- _What is being asked_
From the records that follow, copy every line in which "some" appears.

- _Dataset records_
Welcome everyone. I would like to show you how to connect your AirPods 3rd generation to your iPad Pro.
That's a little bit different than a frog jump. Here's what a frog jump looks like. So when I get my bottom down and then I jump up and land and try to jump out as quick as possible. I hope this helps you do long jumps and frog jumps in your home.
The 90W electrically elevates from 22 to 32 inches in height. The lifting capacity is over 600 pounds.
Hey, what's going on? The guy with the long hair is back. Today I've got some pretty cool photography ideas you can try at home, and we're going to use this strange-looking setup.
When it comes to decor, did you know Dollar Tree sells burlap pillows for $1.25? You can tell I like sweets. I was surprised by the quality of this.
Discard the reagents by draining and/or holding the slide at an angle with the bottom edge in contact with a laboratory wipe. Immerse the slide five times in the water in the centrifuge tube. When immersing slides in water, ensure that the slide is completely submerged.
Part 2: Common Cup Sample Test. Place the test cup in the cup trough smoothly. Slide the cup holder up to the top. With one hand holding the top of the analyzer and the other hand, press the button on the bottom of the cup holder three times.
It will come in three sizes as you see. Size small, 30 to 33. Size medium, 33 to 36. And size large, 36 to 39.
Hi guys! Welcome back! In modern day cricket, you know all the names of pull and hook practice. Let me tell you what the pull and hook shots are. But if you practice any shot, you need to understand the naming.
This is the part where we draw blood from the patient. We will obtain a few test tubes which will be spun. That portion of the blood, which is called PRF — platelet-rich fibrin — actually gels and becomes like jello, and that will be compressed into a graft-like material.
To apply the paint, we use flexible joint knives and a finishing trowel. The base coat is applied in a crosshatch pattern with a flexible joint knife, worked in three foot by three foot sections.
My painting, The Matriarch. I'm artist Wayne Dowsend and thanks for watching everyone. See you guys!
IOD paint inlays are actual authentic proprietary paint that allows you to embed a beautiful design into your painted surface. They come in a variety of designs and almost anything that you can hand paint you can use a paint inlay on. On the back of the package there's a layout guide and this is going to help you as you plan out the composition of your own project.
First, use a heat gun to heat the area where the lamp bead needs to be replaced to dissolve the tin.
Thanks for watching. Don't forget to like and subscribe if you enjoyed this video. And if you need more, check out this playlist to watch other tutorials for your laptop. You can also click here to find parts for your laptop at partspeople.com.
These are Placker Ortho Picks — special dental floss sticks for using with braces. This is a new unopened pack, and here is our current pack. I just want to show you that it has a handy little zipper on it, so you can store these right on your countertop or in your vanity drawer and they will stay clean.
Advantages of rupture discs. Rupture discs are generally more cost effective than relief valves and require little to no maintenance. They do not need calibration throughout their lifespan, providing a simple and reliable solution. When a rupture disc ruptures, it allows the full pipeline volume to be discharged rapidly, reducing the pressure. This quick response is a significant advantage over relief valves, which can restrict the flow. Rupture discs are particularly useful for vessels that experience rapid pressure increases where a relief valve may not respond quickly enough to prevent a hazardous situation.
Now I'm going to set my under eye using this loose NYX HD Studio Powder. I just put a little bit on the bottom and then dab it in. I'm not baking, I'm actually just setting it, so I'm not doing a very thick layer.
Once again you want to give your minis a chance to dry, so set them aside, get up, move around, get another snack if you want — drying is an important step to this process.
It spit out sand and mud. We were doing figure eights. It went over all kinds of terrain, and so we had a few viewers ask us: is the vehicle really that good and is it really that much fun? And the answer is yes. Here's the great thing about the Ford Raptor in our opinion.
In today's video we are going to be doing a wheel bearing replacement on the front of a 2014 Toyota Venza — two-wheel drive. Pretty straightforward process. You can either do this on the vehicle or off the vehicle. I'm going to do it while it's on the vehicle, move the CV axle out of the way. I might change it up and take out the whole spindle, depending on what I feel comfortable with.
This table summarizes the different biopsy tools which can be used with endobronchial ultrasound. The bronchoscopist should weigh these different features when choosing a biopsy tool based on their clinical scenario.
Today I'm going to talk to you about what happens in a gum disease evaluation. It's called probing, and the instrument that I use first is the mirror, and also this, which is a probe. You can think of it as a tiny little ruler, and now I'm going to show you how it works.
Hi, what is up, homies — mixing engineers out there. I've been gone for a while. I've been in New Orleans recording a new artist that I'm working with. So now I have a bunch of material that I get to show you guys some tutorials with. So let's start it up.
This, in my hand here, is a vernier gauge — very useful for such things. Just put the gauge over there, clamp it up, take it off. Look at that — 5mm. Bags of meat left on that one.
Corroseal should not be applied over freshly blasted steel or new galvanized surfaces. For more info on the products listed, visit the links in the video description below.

- _Written answer_
Hey, what's going on? The guy with the long hair is back. Today I've got some pretty cool photography ideas you can try at home, and we're going to use this strange-looking setup.
Hi, what is up, homies — mixing engineers out there. I've been gone for a while. I've been in New Orleans recording a new artist that I'm working with. So now I have a bunch of material that I get to show you guys some tutorials with. So let's start it up.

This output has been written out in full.